Captioned web image data:
[Start of section]

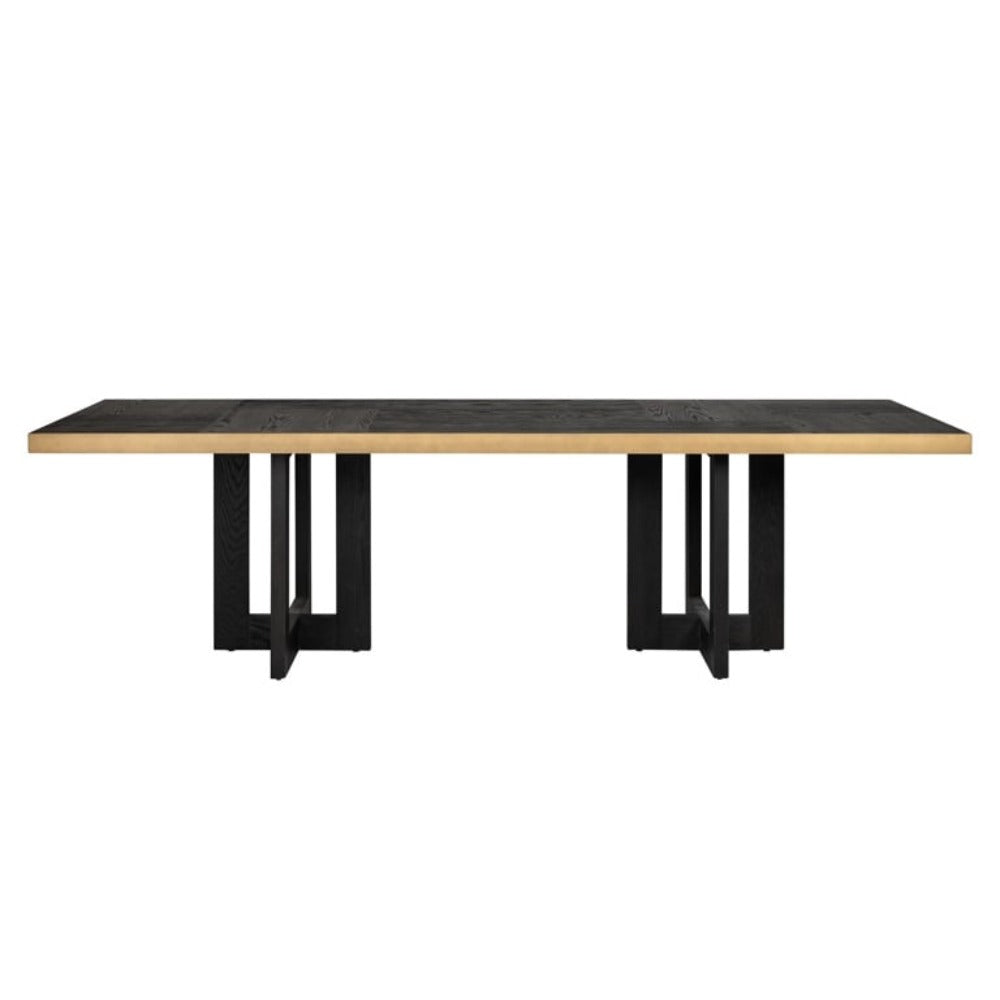 Product photograph of Richmond Cambon Dining Table In Coffee Brown Black 320cm from Olivia's.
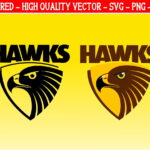 Sport Team AFL Hawthorn Logo SVG Cut Files Layered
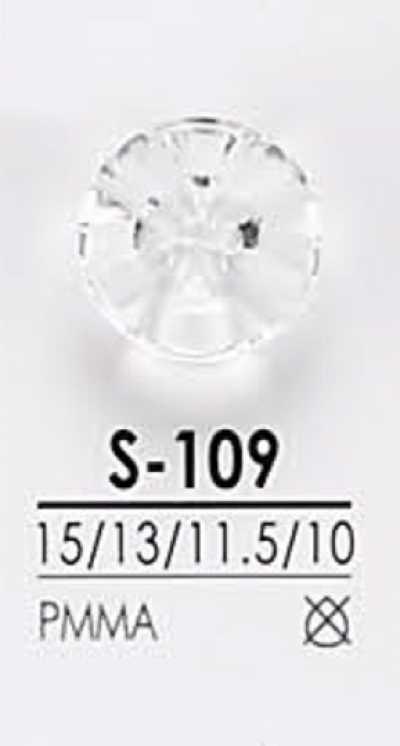 S109 Bouton taille diamant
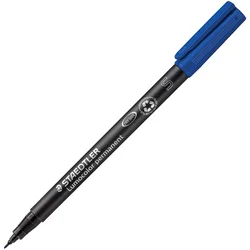 MARKER PERMANENTNI 0,4MM RECIKLIRANI LUMOCOLOR STAEDTLER 313-3 PLAVI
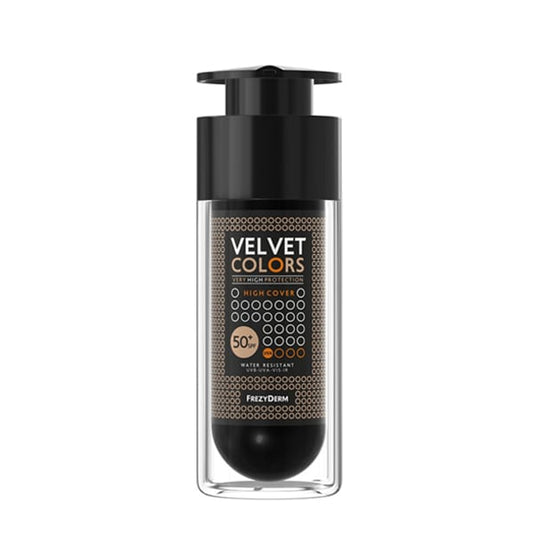 Frezyderm Velvet Colors High Cover Matte Full Coverage Foundation SPF50+  30 ml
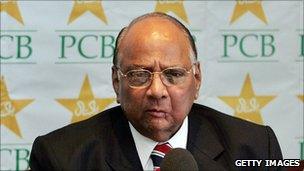 International Cricket Council president Sharad Pawar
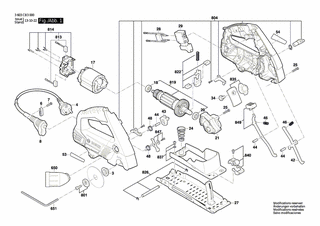 BOSCH Arretierung | Ersatzteile f�r PKS 16 Multi, --- -...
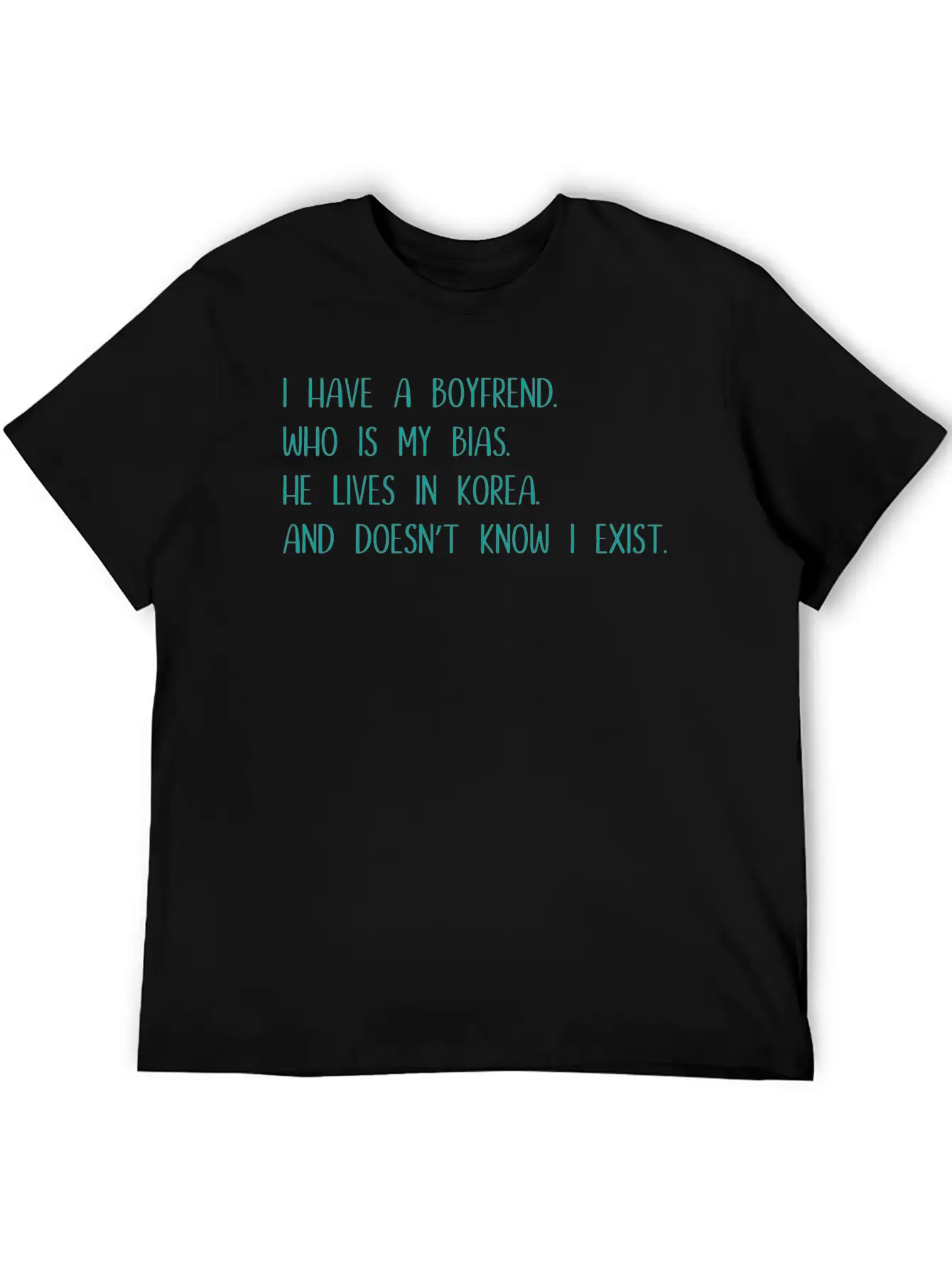 Korea K - Pop Music Gift Saying Basic Graphic T-Shirt – Daily Comfort In Soft Cotton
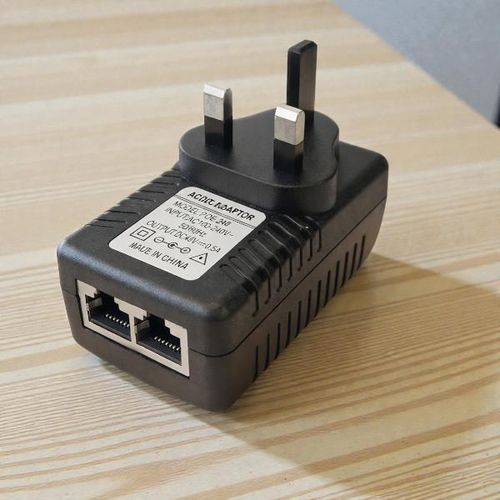 product_image_name-Generic-Easy To Operate Light Weight 48V 0.5A POE Injector Power Over Ethernet Adapter-1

[End of section]

Task directions:
What you return should be the entries from above, unchanged and without their images.

Written answer:
 Product photograph of Richmond Cambon Dining Table In Coffee Brown Black 320cm from Olivia's.
 Sport Team AFL Hawthorn Logo SVG Cut Files Layered
 S109 Bouton taille diamant
 MARKER PERMANENTNI 0,4MM RECIKLIRANI LUMOCOLOR STAEDTLER 313-3 PLAVI
 Frezyderm Velvet Colors High Cover Matte Full Coverage Foundation SPF50+  30 ml
 International Cricket Council president Sharad Pawar
 BOSCH Arretierung | Ersatzteile f�r PKS 16 Multi, --- -...
 Korea K - Pop Music Gift Saying Basic Graphic T-Shirt – Daily Comfort In Soft Cotton
 product_image_name-Generic-Easy To Operate Light Weight 48V 0.5A POE Injector Power Over Ethernet Adapter-1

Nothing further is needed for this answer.